Andrzej Marian Grzyb (born 23 August 1956) is a Polish politician who served as a Member of the European Parliament from 2003 until 2004 and from 2009 until 2019. He was elected to Sejm on 25 September 2005, getting 7,986 votes in 36 Kalisz district as a candidate from the Polish People's Party list.

From 2014 until 2019, Grzyb was a member of the European Parliament's Democracy Support and Election Coordination Group (DEG), which oversees the Parliament's election observation missions.

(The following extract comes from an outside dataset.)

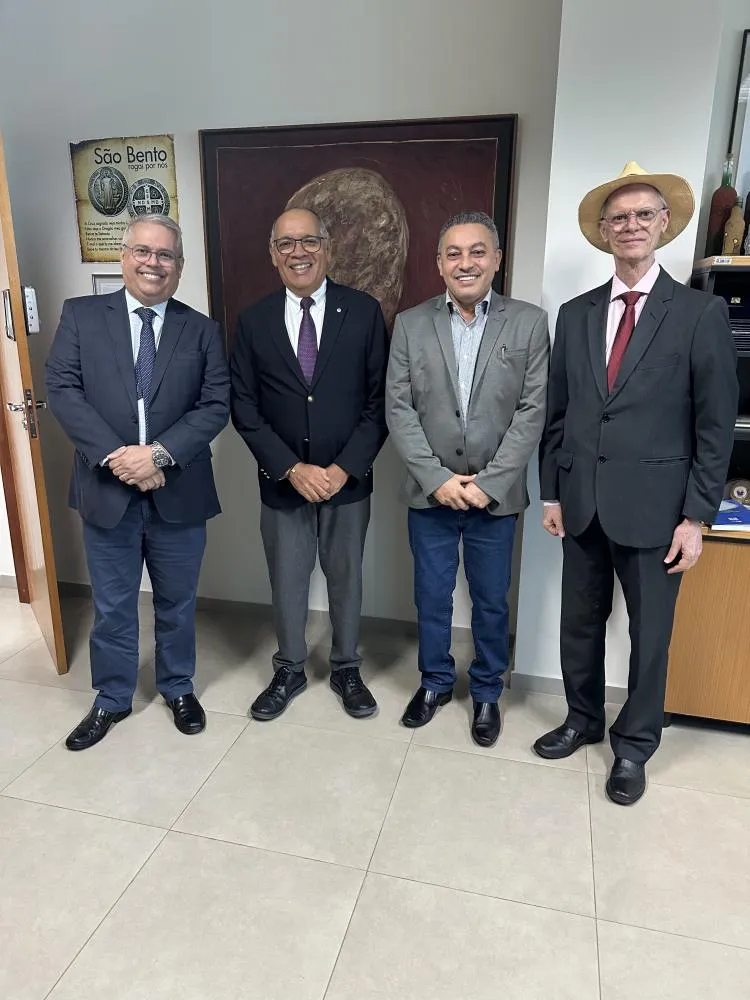 Vereador Marilon Barbosa visita conselheiros do Tribunal de Contas do Estado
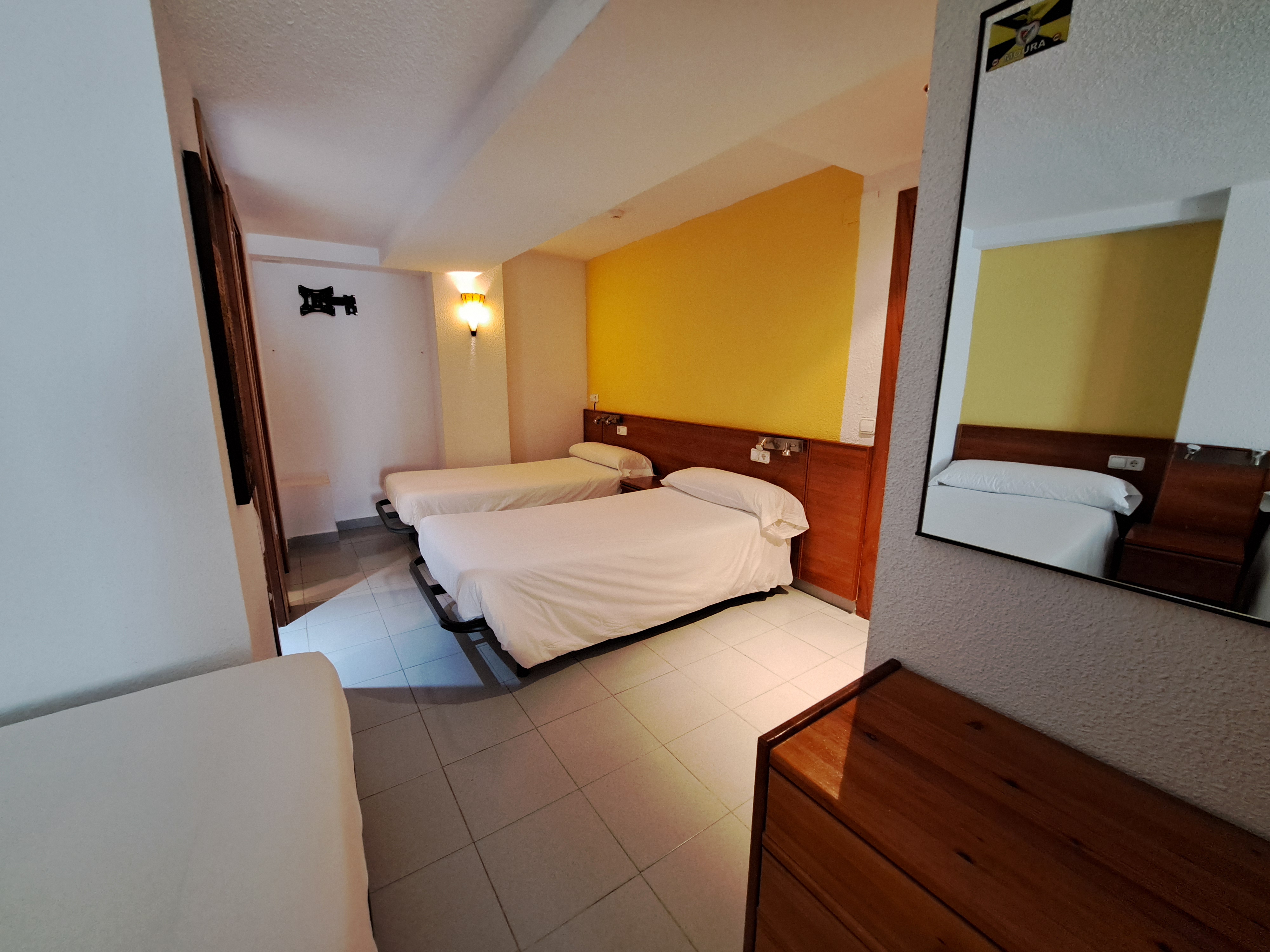 Family Room Capacity 8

He was also a member of People's Republic of Poland Sejm 1989-1991, Sejm 1993-1997, and Sejm 2001-2005.

See also
Members of Polish Sejm 2005-2007

References

External links
 

1956 births
Living people
Members of the Polish Sejm 1993–1997
Members of the Polish Sejm 2001–2005
Members of the Polish Sejm 2005–2007
Members of the Polish Sejm 2007–2011
Members of the Polish Sejm 2019–2023
Polish People's Party politicians
Polish People's Party MEPs
MEPs for Poland 2004
MEPs for Poland 2009–2014
MEPs for Poland 2014–2019
Knights of the Order of Polonia Restituta
Recipients of the Gold Cross of Merit (Poland)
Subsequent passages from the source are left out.